Towards a minimally invasive device for beta-lactam monitoring in humans

Antimicrobial resistance is a leading patient safety issue. There is a need to develop novel mechanisms for monitoring and subsequently improving the precision of how we use antibiotics. A surface modified microneedle array was developed for monitoring beta-lactam antibiotic levels in human interstitial fluid. The sensor was fabricated by anodically electrodepositing iridium oxide (AEIROF) onto a platinum surface on the microneedle followed by fixation of beta-lactamase enzyme within a hydrogel. Calibration of the sensor was performed to penicillin-G in buffer solution (PBS) and artificial interstitial fluid (ISF). Further calibration of a platinum disc electrode was undertaken using amoxicillin and ceftriaxone. Open-circuit potentials were performed and data analysed using the Hill equation and log(concentration [M]) plots.

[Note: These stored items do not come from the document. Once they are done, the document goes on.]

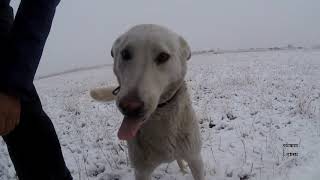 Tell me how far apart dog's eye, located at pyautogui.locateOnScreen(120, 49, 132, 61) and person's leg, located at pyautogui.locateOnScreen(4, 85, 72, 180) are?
0.66 meters

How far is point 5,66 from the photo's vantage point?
152cm

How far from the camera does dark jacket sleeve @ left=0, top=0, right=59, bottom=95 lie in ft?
4.95

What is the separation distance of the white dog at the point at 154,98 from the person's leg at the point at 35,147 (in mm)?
A: 549

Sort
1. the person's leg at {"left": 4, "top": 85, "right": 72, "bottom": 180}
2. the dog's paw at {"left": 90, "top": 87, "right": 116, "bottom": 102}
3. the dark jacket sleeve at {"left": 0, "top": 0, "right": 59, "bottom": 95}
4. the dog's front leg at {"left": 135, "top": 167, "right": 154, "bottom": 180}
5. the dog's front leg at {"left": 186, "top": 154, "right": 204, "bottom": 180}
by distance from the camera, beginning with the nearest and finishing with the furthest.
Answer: the dark jacket sleeve at {"left": 0, "top": 0, "right": 59, "bottom": 95}
the person's leg at {"left": 4, "top": 85, "right": 72, "bottom": 180}
the dog's front leg at {"left": 135, "top": 167, "right": 154, "bottom": 180}
the dog's front leg at {"left": 186, "top": 154, "right": 204, "bottom": 180}
the dog's paw at {"left": 90, "top": 87, "right": 116, "bottom": 102}

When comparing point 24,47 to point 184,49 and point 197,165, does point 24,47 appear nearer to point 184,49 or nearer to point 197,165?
point 184,49

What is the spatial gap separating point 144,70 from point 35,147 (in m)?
0.95

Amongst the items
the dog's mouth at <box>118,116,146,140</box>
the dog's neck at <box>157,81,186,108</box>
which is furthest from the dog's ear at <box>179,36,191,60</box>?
the dog's mouth at <box>118,116,146,140</box>

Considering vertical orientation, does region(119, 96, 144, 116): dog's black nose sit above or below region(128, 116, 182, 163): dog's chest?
above

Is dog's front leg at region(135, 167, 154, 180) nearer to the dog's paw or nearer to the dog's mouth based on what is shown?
the dog's mouth

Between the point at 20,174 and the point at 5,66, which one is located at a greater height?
the point at 5,66

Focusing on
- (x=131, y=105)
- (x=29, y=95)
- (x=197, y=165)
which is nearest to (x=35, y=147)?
(x=29, y=95)

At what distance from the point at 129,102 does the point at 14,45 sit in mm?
700

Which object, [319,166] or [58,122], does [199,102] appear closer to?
[58,122]

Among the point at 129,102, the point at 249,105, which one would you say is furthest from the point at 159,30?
the point at 249,105
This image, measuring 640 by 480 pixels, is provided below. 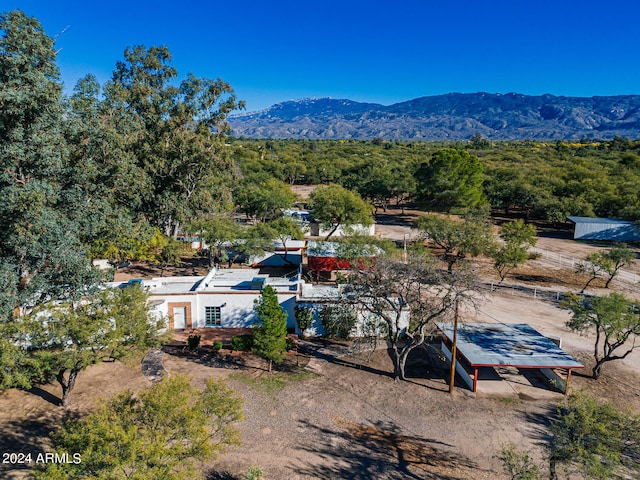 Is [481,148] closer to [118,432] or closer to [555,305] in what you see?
[555,305]

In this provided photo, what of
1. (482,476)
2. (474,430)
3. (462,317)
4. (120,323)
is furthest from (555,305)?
(120,323)

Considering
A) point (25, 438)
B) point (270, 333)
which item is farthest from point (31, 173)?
point (270, 333)

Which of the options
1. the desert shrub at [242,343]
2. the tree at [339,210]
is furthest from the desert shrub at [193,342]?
the tree at [339,210]

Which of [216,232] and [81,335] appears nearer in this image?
[81,335]

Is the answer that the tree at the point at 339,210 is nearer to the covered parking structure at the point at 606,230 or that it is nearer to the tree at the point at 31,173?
the tree at the point at 31,173

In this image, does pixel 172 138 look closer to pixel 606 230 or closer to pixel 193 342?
pixel 193 342

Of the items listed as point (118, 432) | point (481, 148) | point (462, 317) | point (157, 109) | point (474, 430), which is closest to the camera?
point (118, 432) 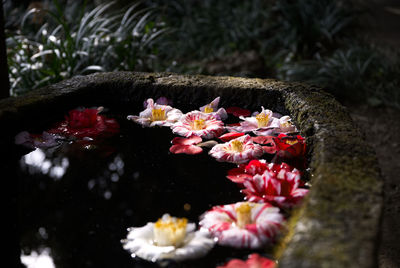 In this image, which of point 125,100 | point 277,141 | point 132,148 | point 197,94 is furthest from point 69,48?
point 277,141

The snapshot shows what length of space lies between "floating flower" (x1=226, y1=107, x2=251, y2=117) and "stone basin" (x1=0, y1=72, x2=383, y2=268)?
39 mm

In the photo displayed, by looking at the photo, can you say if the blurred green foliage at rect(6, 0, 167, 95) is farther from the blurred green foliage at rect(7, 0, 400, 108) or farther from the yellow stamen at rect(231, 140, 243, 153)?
the yellow stamen at rect(231, 140, 243, 153)

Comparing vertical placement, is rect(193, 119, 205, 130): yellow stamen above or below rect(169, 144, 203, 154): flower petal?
above

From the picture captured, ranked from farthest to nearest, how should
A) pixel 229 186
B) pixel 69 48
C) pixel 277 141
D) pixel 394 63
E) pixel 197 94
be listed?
pixel 394 63, pixel 69 48, pixel 197 94, pixel 277 141, pixel 229 186

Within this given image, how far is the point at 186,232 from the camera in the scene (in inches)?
35.5

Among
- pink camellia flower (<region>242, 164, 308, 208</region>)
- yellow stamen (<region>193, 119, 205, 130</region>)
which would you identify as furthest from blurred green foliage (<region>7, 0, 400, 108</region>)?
pink camellia flower (<region>242, 164, 308, 208</region>)

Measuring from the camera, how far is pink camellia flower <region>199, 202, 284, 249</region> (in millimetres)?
859

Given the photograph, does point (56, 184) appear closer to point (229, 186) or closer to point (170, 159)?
point (170, 159)

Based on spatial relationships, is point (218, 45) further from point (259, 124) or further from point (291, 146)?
point (291, 146)

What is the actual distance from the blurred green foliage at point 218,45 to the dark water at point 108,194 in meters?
1.34

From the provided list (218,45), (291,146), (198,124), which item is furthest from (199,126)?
(218,45)

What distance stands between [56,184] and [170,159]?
1.06 ft

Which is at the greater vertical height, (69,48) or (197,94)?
(197,94)

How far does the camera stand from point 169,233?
851 millimetres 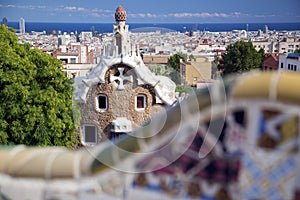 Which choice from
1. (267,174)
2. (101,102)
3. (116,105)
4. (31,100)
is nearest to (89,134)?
(101,102)

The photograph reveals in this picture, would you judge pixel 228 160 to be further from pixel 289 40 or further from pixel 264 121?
pixel 289 40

The microneedle sensor demonstrated high reproducibility between penicillin-G runs in PBS with mean Km (+/- 1SD) = 0.0044 +/- 0.0013 M and mean slope function of log(concentration plots) 29 +/- 1.80 mV/decade (r(2) = 0.933). Response was reproducible after 28 days storage at 4 degrees C. In artificial ISF, the sensors response was Km (+/- 1SD) = 0.0077 +/- 0.0187 M and a slope function of 34 +/- 1.85 mv/decade (r(2) = 0.995). Our results suggest that microneedle array based beta-lactam sensing may be a future application of this AEIROF based enzymatic sensor.